New Testament edition

The Patriarchal text, or Patriarchal Text (PT), originally officially published as The New Testament, Approved by the Great Church of Christ (Greek: Ἡ Καινὴ Διαθήκη ἐγκρίσει τῆς Μεγάλης τοῦ Χριστοῦ Ἐκκλησίας), is an edition of the New Testament published by the Ecumenical Patriarchate of Constantinople on 22 February 1904. Two revised editions of the PT were later printed by the Ecumenical Patriarchate, in respectively 1907 and 1912.

The PT is also known as the Antoniades-text (after Professor Vasileios Antoniades), or Patriarchal Greek New Testament.
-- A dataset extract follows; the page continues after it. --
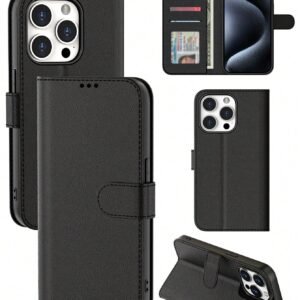 Étui portefeuille iPhone Samsung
The PT is entirely in Koine Greek. There is no Greek New Testament text accepted by everyone within the Eastern Orthodox Church, the Patriarchal text is no exception. The text-type of the PT is Byzantine.

== History ==
With the growth of textual criticism in the 18th and 19th century, and particularly the rival eclectic text-type, the Patriarch Constantine V of Constantinople created a committee in 1899 to examine the manuscript tradition of the Eastern Orthodox Church. The committee consisted of Metropolitan Michael Kleovoulos of Sardis, Metropolitan Apostolos Christodoulou of Stavroupoli and Professor Vasileios Antoniades of the Theological School of Halki, who personally studied the 45 texts from Mount Athos and Constantinople. The commission aimed for the creation of a standardized New Testament in the Greek language to reconstruct the ancient documents from the Church's ecclesiastical history.
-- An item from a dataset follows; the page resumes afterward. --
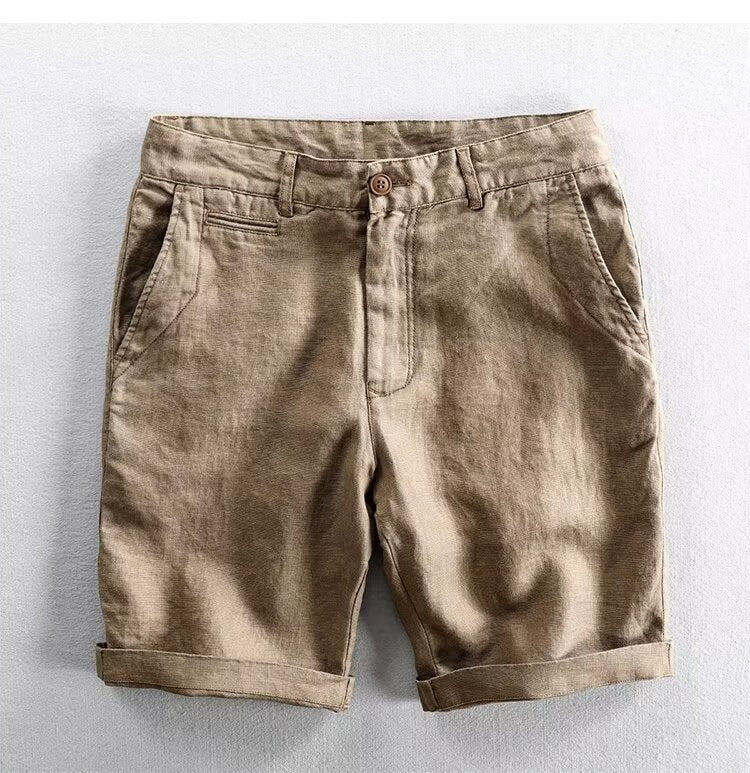Summer Simple Elegant High Waist Solid Color Daily Fashion Workwear Casual Pants Men's Loose Lazy Wide Leg Shorts - FATAONSummer Simple Elegant High Waist Solid Color Daily Fashion Workwear Casual Pants Men's Loose Lazy Wide Leg ShortsMode HommeFATAON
The Patriarchal text was published in 1904. Later revised editions were made in 1907 and 1912, the latter made by Professor Vasileios Antoniades of the Theological School of Halki.

Today the Patriarchal text is commonly used in Greece, with a modified text fixing errors from the 1912 version, is published by the Apostoliki Diakonia, which is the official publishing house of the Church of Greece. Other publishers publish the Patriarchal text as well.

== Textual characteristics ==
The text-type of the PT is Byzantine and uses 116 documents used in the Eastern Orthodox Church lectionaries, 45 of which are from Mount Athos and Constantinople, with the rest coming from Athens and Jerusalem. The source texts used date from 9-16th centuries, with a majority coming from the 10-14th centuries.

The Patriarchal edition of Byzantine text (1904) published in 2020 by the Hellenic Bible Society (Ελληνική Βιβλική Εταιρία) includes the Johannine Comma (1 John 5.7-8), but it is also disputed because the publisher combines the sources to create a slightly different version from the Byzantine Text 1904.

== Translations into English ==
The Patriarchal text has been translated into English and used by certain Eastern Orthodox Bibles in that language. The Eastern / Greek Orthodox Bible uses the Patriarchal text as the basis of its New Testament translation.